What does the data analytics partnership with Team DSM involve?
In essence, it is very simple: if you can generate better insights with data analysis, you can also take better decisions about the game plan. During the race, but also beforehand. In this data & analytics partnership, Team DSM and KPMG will be working together in order to generate even better insights in professional cycling.
Of course, cycling teams were using plans long before advanced data analysis was possible. But without input from data analysis, coaches and team leaders were forced to draw mainly on their experience and intuition when implementing those plans. With the right data, you can critically challenge those ‘gut feelings’ and – at least as importantly – have the right conversation about the best approach among professionals.
The use of data makes decisions at all levels more objective and better. From deciding which races a top cyclist should choose this year in view of their qualities, the course and other factors to choosing the best moment to attack during a stage.
Of course it is beyond dispute that data analysis cannot produce absolute truths. Data analysis improves the chances of success but does not guarantee it. You cannot be sure you will win a race with a particular strategy or develop the perfect one-year plan for a rider so that you know their form will peak at the right moment. But you can improve your chances of taking the best decisions and getting the best possible picture of the opportunities and risks during a race.

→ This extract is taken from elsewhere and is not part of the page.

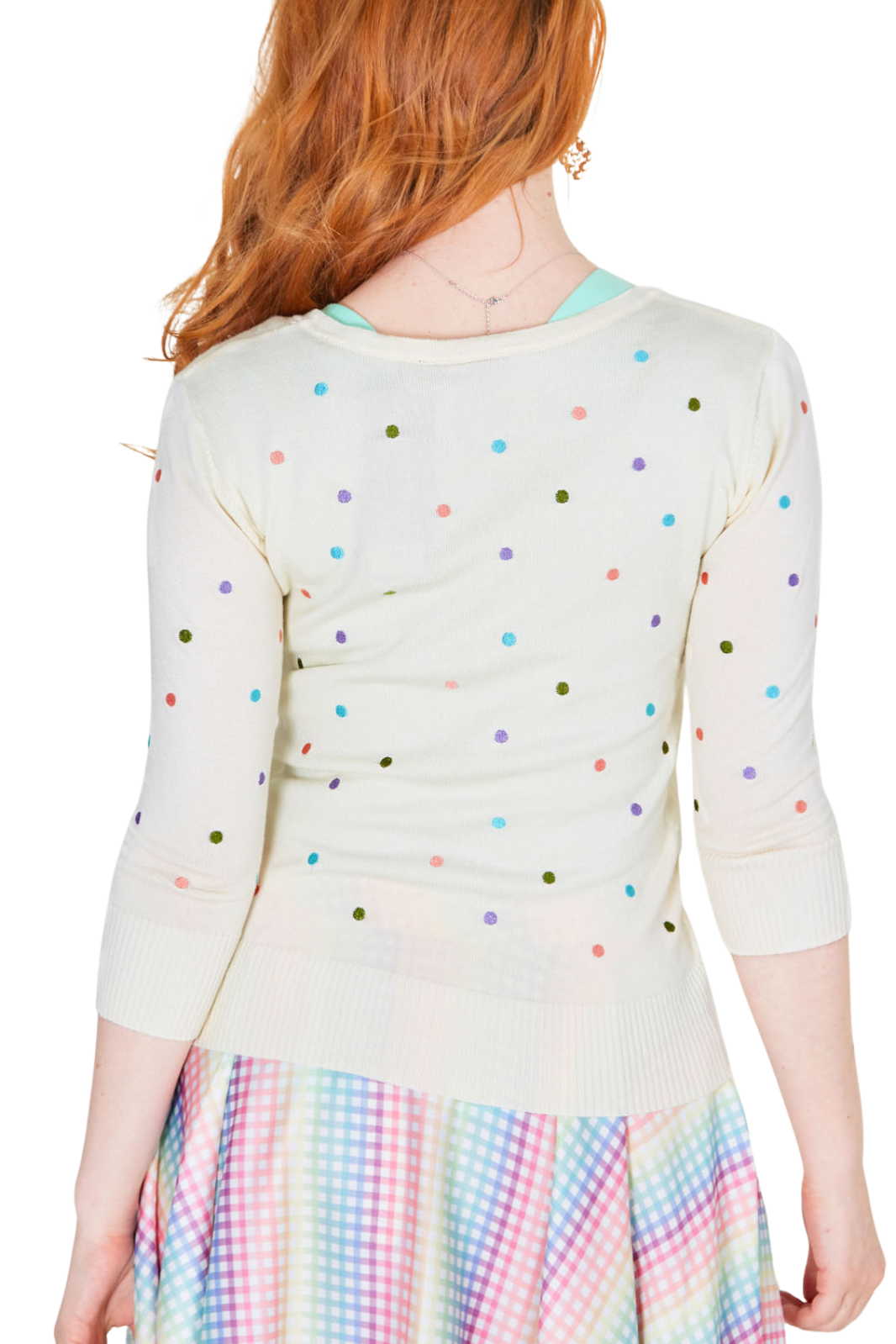 Isla Pastel Polka Dot Cardigan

So you can get a good sense of possible stage scenarios, the opportunities for the team or individual riders and the potential impact of strategic interventions. Always based on the plan.
Using data-generated insights makes decisions more explicit than previously. There are many areas where we can obtain such insights, and we systematically identify opportunities for doing so. Examples of how this benefits Team DSM include:
The ability to determine the optimum weight of a rider – not too heavy for mountain climbs but also not so light that it would compromise power. That also translates to precisely measured quantities (and composition) of food during and after a stage.
We can monitor how much force a rider applies to the pedals, allowing us to optimise energy management along with food and fluid intake during the race. This allows the team to get the maximum out of a rider without pushing too hard.
We can optimise tactics in a team time trial or mass sprint – including the configuration of the riders – by means of a combination of data from the wind tunnel, course information and physical data from riders.
We can optimally adjust the equipment to the rider – for example, the optimum position on the bike: not too hunched because that means a rider cannot deliver sufficient power, not too upright because that is detrimental in terms of aerodynamics.
In the future we will also be able to obtain instant information about the physical performance of riders and weigh that up against their rivals and the course. This will make it possible to take better decisions during the stage itself, or in any event to have the right conversation about what the best decision is
We can ‘map’ the data about riders’ qualities onto the course and the qualities of rivals and so make the best choices about participation in races (and the composition of the team).